Os consórcios – três no total, um para cada área, com seus ônibus azuis, amarelos ou verdes – na verdade são formados pelas velhas empresas de sempre, antes organizadas no SETPS – Sindicato das Empresas de Transporte de Passageiros de Salvador, hoje organizadas na Integra. As mesmas empresas que operaram por décadas o serviço, sempre com a mesma liberdade para aumentar as tarifas e oferecer um serviço de péssima qualidade em troca, conforme mostra o artigo “Quando as contas não batem”.
A licitação atropelou tudo aquilo que a gente entende por planejamento urbano, e o contrato dela derivado foi assinado muito antes da elaboração do Plano Diretor (2016) e do Plano de Mobilidade (2018). Os estudos que deveriam embasá-lo, se é que existiram, não levaram em consideração a necessária integração com o metrô ao se calcular os custos da operação, não apresentaram um plano de transição modal (dos carros para o transporte coletivo), nem uma política de recuperação da demanda perdida devido à falta de capacidade de pagamento da parcela mais pauperizada da população (que sofre com restrições severas de mobilidade).
O contrato também não considerou os graves problemas de microacessibilidade, os de acessibilidade financeira, de segurança pública e muito menos levou em consideração que Salvador é um centro de uma metrópole. Por fim, não nos garantiu nenhum mecanismo de controle popular e transparência. Nem mesmo o Plano de Mobilidade aprovado anos depois pretendeu corrigir tais distorções. Enfim, foi um contrato baseado no cenário ideal para as empresas, pois não levou em consideração tudo isso que a cada dia tira receitas e usuários do sistema de transporte público.
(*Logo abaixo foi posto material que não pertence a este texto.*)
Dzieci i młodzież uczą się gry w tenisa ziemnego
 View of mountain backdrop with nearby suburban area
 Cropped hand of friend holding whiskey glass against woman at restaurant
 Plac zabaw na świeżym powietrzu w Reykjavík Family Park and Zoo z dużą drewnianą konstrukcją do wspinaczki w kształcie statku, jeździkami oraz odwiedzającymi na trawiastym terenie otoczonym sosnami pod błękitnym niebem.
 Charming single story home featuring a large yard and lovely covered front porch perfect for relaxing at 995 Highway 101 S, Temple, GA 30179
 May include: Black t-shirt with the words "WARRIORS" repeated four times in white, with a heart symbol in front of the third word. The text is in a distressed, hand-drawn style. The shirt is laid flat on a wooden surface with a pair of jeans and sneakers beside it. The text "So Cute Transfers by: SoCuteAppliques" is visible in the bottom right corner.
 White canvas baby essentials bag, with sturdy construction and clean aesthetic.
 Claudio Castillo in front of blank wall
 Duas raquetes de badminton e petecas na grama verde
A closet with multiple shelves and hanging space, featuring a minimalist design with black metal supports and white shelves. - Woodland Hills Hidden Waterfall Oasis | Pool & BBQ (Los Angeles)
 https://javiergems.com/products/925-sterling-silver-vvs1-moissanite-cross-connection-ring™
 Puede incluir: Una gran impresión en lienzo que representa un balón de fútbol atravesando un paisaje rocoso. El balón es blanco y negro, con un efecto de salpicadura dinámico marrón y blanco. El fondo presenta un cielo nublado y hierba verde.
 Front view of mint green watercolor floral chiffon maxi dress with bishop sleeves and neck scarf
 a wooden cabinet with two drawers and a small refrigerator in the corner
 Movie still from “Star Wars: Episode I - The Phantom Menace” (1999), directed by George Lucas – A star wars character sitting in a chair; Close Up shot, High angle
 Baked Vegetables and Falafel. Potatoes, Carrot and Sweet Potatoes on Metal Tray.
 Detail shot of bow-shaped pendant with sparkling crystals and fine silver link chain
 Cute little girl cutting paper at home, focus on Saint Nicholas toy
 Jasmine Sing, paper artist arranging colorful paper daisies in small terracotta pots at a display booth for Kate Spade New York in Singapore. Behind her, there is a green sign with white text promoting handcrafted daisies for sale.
Além do mais, foi um processo extremamente autoritário, conforme denunciava o coletivo Tarifa Zero Salvador desde 2013, e eu mesmo num artigo de 2014 chamado “25 anos de subordinação” (quem quiser saber o que foi prometido em 2014 e comparar com o que não foi entregue até 2019, recomendo a leitura). O que interessa destacar aqui é que não houve espaço para questionamentos, participação popular, para que fosse garantido que a contratação das empresas concessionárias tivesse por preocupação qualquer tipo de desenvolvimento (social, econômico ou ambiental).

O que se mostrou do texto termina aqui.